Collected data
***

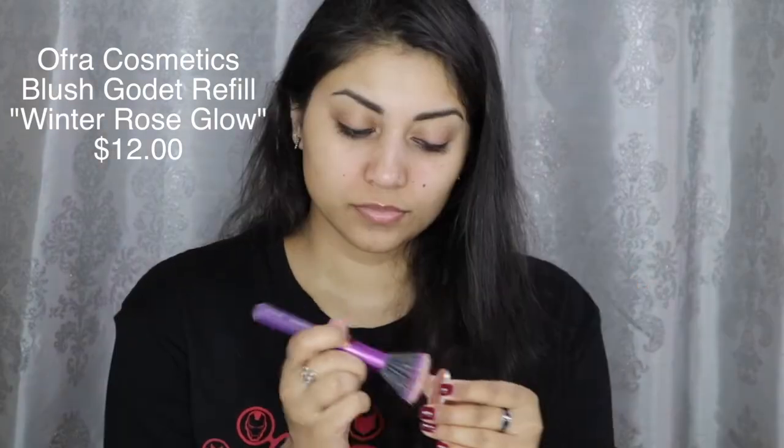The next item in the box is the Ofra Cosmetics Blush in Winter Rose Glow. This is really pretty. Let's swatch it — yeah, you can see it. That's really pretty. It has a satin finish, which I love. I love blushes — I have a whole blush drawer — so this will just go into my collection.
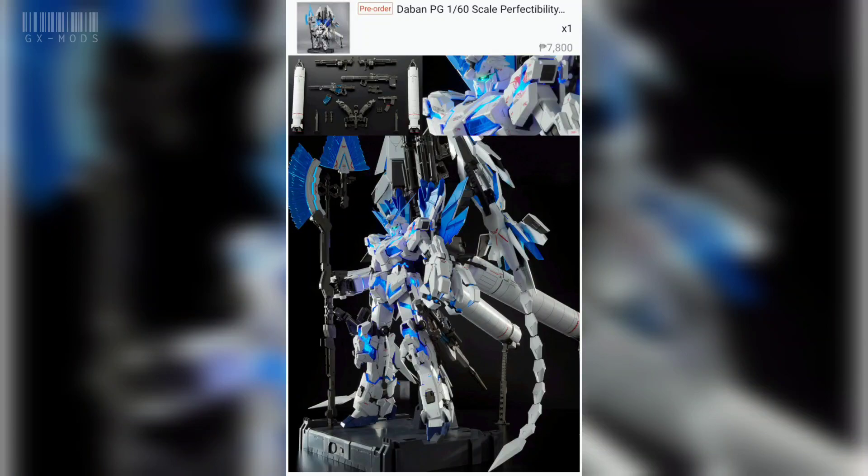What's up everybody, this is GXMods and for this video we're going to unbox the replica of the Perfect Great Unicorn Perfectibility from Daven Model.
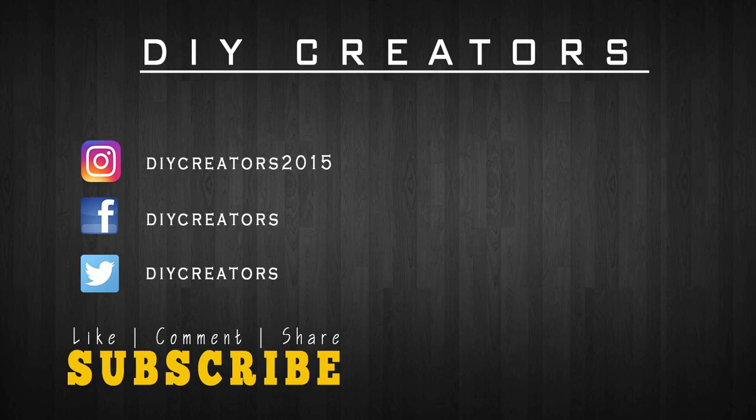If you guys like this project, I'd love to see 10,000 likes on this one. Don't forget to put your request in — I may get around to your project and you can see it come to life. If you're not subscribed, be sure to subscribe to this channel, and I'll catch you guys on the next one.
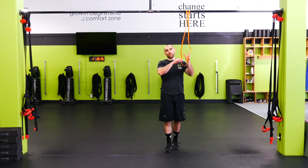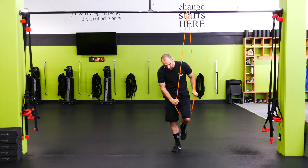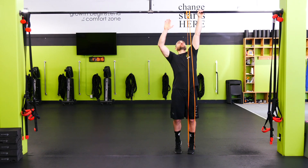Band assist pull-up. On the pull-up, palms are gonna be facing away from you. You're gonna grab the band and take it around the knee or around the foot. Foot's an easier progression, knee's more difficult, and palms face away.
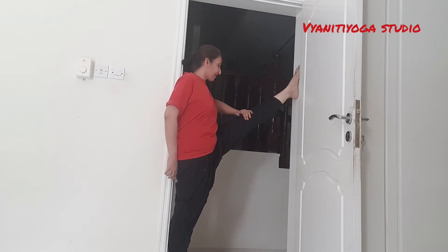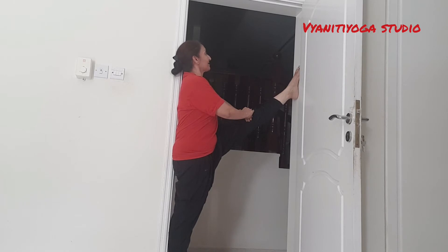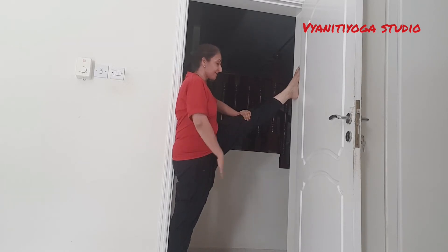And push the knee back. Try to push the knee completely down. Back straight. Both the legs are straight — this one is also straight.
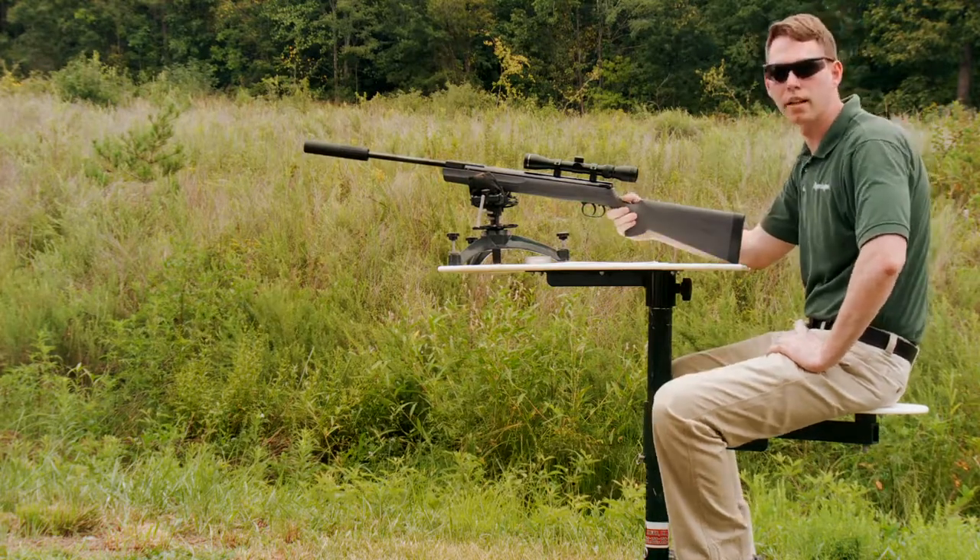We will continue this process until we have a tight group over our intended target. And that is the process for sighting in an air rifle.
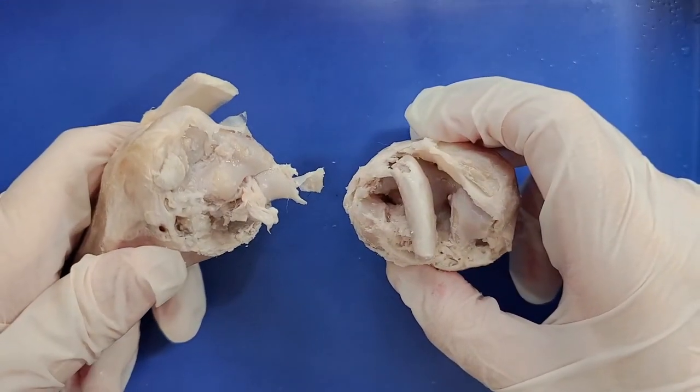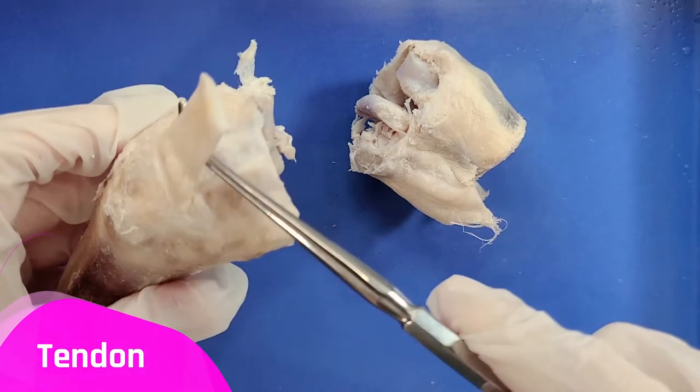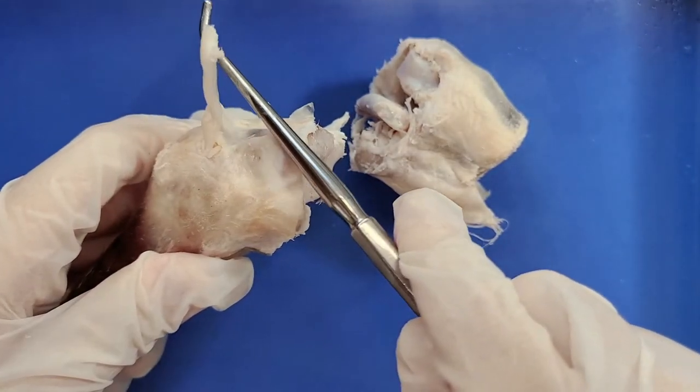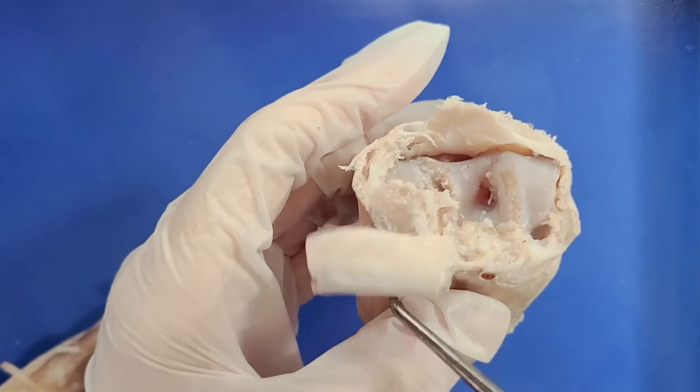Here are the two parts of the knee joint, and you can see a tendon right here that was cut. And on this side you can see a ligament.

***

Starting with the first line of the data above, write out each line exactly up to and including the line that holds "If you guys". Pictures stay out.

## PROBLEM SOLUTION
The next item in the box is the Ofra Cosmetics Blush in Winter Rose Glow. This is really pretty. Let's swatch it — yeah, you can see it. That's really pretty. It has a satin finish, which I love. I love blushes — I have a whole blush drawer — so this will just go into my collection.
What's up everybody, this is GXMods and for this video we're going to unbox the replica of the Perfect Great Unicorn Perfectibility from Daven Model.
If you guys like this project, I'd love to see 10,000 likes on this one. Don't forget to put your request in — I may get around to your project and you can see it come to life. If you're not subscribed, be sure to subscribe to this channel, and I'll catch you guys on the next one.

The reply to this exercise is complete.